In present day, an ad-hoc network has been employed in many applications such military field, disaster relief, and other emergency services [1]. It is a peer-to-peer network that successfully transfers packets through multi-hop without any infrastructure. Due to dynamic nature, ad hoc network requires a unique security scheme to protects the network and detects intrusions or attacks. A popular routing dispersion attack method is known as blackhole attack that contains malicious nodes. These advertise them self as a part of the destination node and try to engage many possible connections [2]. A conventional approach of blackhole provides some solutions that are (1) find more than one routes and send packets, (2) unicast ping packets to the destination using these routes [3]. Intrusion Detection System (IDS) is a popular detection method that detects attacks. It enlarged the detection capacity and decreased the false alerts. An IDS can detect any violation of security policies such as confidentiality, authenticity, integrity and availability [4]. A detection method can classify into benign and attacks by employing Machine Learning (ML) technique. There are many ML algorithms exist with pros and cons depend on nature of dataset. The ML works on learning method whether supervised, unsupervised or semi-supervised [5]. We have enumerated our major work below.

  1. 1.

    A blackhole attack is simulated in Network Simulator (NS-3) with many normal and malicious nodes. Where a malicious node can accommodate its all malicious activities.

  2. 2.

    We have analyzed the main features of the node and collected essential information of packets or message sending by nodes and organized them.

  3. 3.

    Finally, ML techniques have applied in the supervised mode of training on the collected data to detect malicious information or packets and measured their performance.

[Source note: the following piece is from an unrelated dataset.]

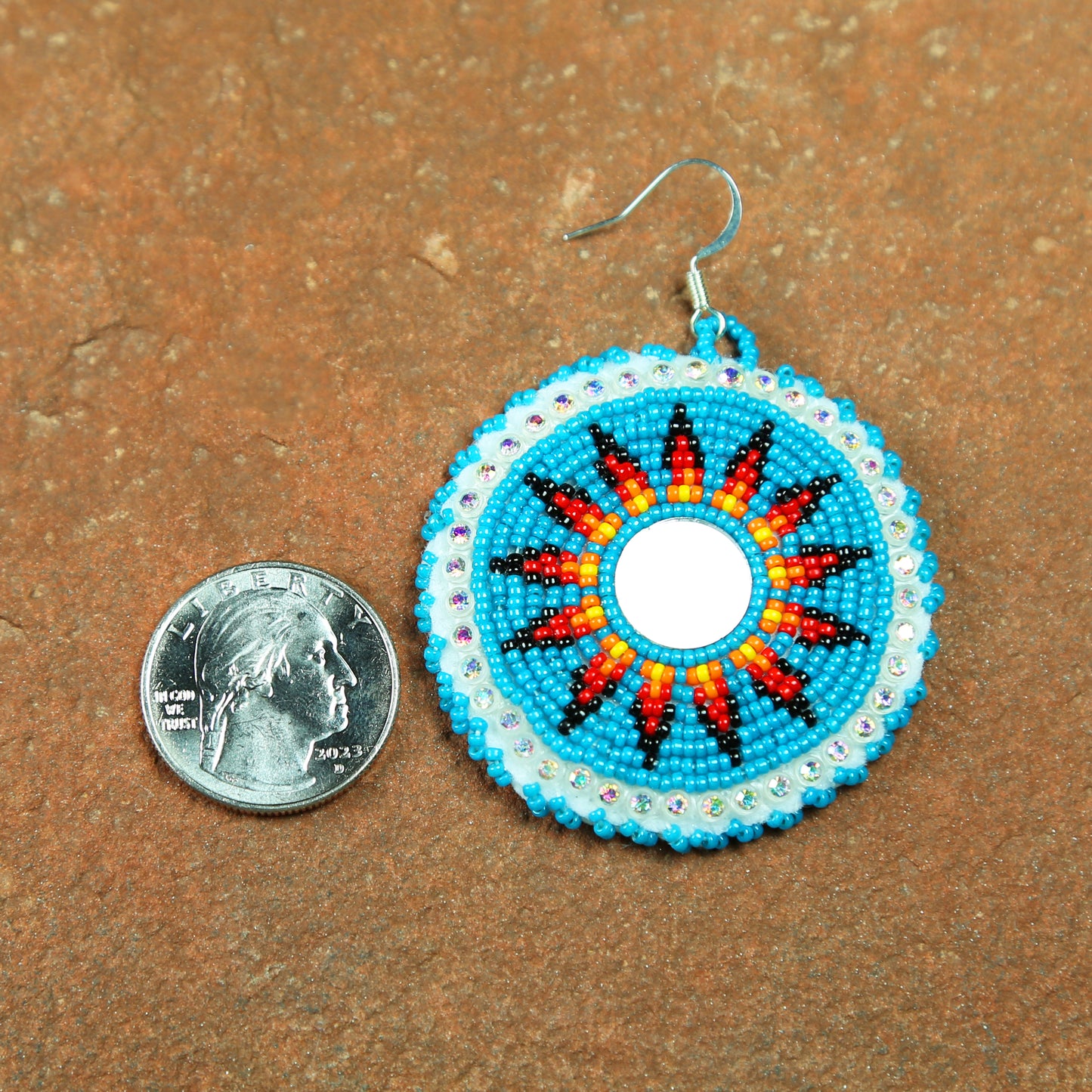 Teal Beaded Round Mirror Dangle Earrings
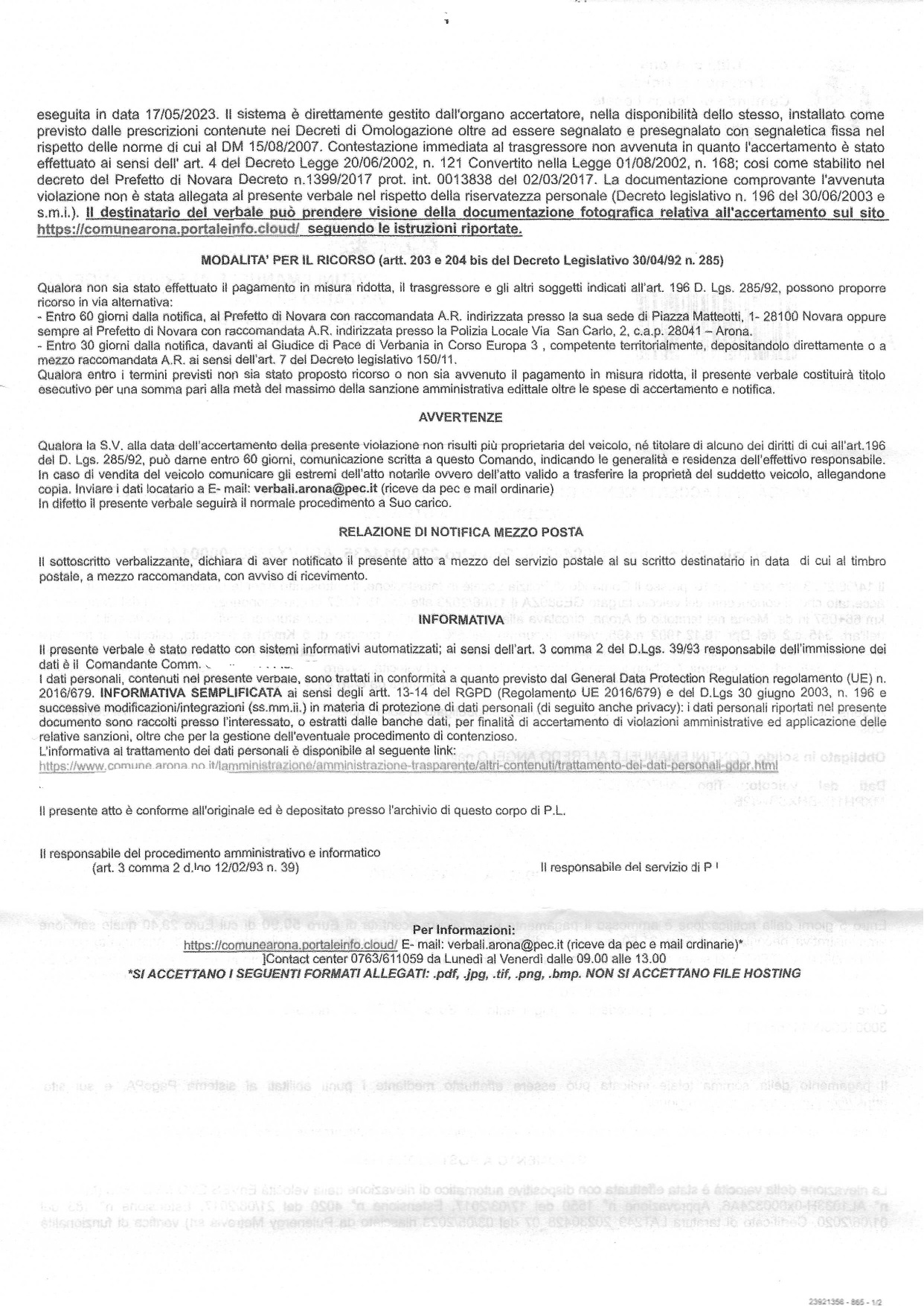 Autovelox Arona (Strada del Sempione): è illegittimo? 2 MULTA COMUNE ARONA 11 06 2023 3 page 0002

The rest of paper is arranged in the following sequence. Section 2 reviews recent literatures and Sect. 3 elaborates key topics as preliminaries, while Sect. 4 discuss proposed methodology. In Sect. 5, it descries simulation of the proposed method. Section 6 provides performance measures and comparative results. Finally, we conclude proposed method and future direction in Sect. 7.

2 Related Work

An IDS is a quick monitoring system and produce an alert when finding any intrusion. In this section, mainly introduce detection methods which related to IDS in ad hoc network. Kalkha et al. [6] proposed an approach based on a new routing algorithm to identify and avoid malicious node in the wireless sensor network. They applied the Hidden Markov Model to identify the most likely malicious path and detection module analyses the shortest path from source to destination. Omar et al. [7] proposed a threshold based multi-hop acknowledgment method that considered as blackhole node when the reputation of node increase or decrease to the threshold. Chatterjee et al. [8] suggested triangular encryption due to its low computation overhead and simulated it in network simulator NS-2. Panos et al. [9] proposed a dynamic threshold cumulative sum based mechanism that detects abrupt changes in normal behavior.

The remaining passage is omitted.